U A V

This environment is part of the Grid World environments. Please read that page first for general information.


Possible Agents	(‘0’, ‘1’)
Action Spaces	{‘0’: Discrete(4), ‘1’: Discrete(4)}
Observation Spaces	{‘0’: Tuple(Tuple(Discrete(5), Discrete(5)), Tuple(Discrete(5), Discrete(5))), ‘1’: Discrete(4)}
Symmetric	False
Import	`posggym.make("UAV-v0")`

The Unmanned Aerial Vehicle Grid World Environment.

An adversarial 2D grid world problem involving two agents, a Unmanned Aerial Vehicle (UAV) and a fugitive.
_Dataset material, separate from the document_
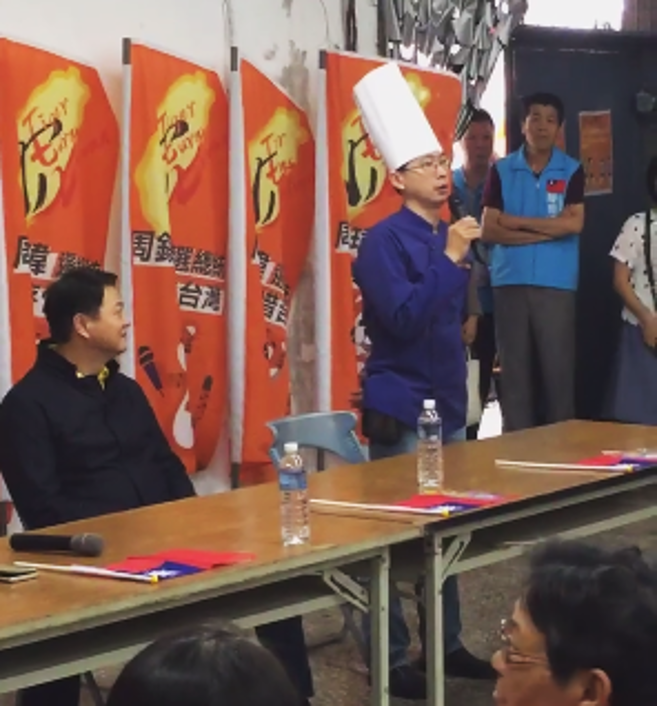 昔日拍下阿扁手抖影像的「拍扁麵包師傅」黃士福，出席前台北縣長周錫瑋所發起的「轉型正義，把阿扁關回去」座談。 圖：取自周錫瑋臉書直播影片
The UAV’s goal is to capture the fugitive, while the fugitive’s goal is to reach the safe house located at a known fixed location on the grid. The fugitive is considered caught if it is co-located with the UAV. The UAV observes it’s own location and receives a noisy observation of the fugitive’s location. The fugitive does not know it’s location but it receives a noisy observation of its relative direction to the safe house when it is adjacent to the safe house.

Posgible Agents

UAV = ‘0’
Fugitive = ‘1’

State Space

Each state contains the (x, y) (x=column, y=row, with origin at the top-left square of the grid) of the UAV and fugitive agents. Specifically, a states is ((x_uav, y_uav), (x_fugitive, y_fugitive)).

Action Space

Each agent has 4 actions corresponding to moving in the 4 cardinal directions: NORTH=0, EAST=1, SOUTH=2, WEST=3.

Observation Space

The UAV observes it’s (x, y) coordinates and receives a noisy observation of the fugitives (x, y) coordinates. The UAV observes the correct fugitive coordinates with probability p=0.9, and one of the adjacent locations to the true fugitive location with p=1-0.9.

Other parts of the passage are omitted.